• _Required work_
In the material below, find the line containing "O novo contorno" and output it and all lines after it exactly, through the last one, without the pictures.

• _Recorded information_
* * * * * * * * *
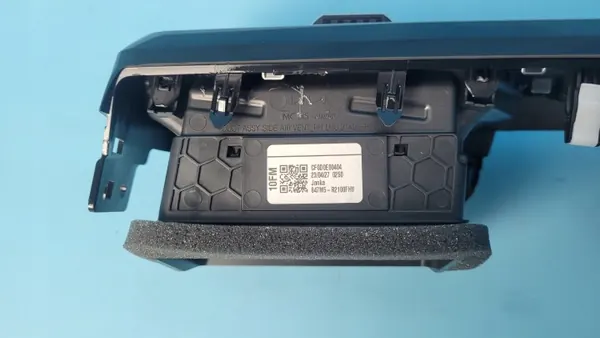 KIA SPORTAGE V 847M5-R2100 dashboard ventilatierooster image 8
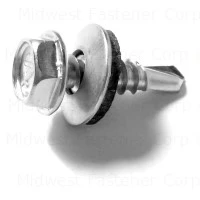 helmshardware5369195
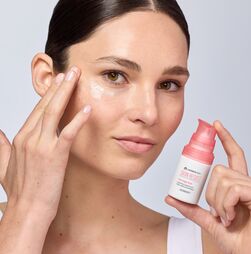 O novo contorno de olhos que acalma, repara e rejuvenesce – mesmo nas peles mais sensíveis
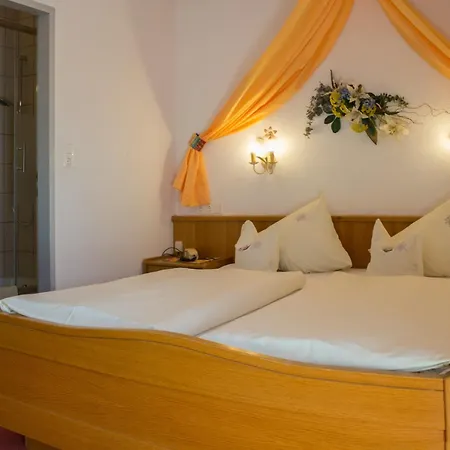 Das Edelweiss Seefeld in Tirol Chambre photo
* * * * * * * * *
• _Response area_
 O novo contorno de olhos que acalma, repara e rejuvenesce – mesmo nas peles mais sensíveis
 Das Edelweiss Seefeld in Tirol Chambre photo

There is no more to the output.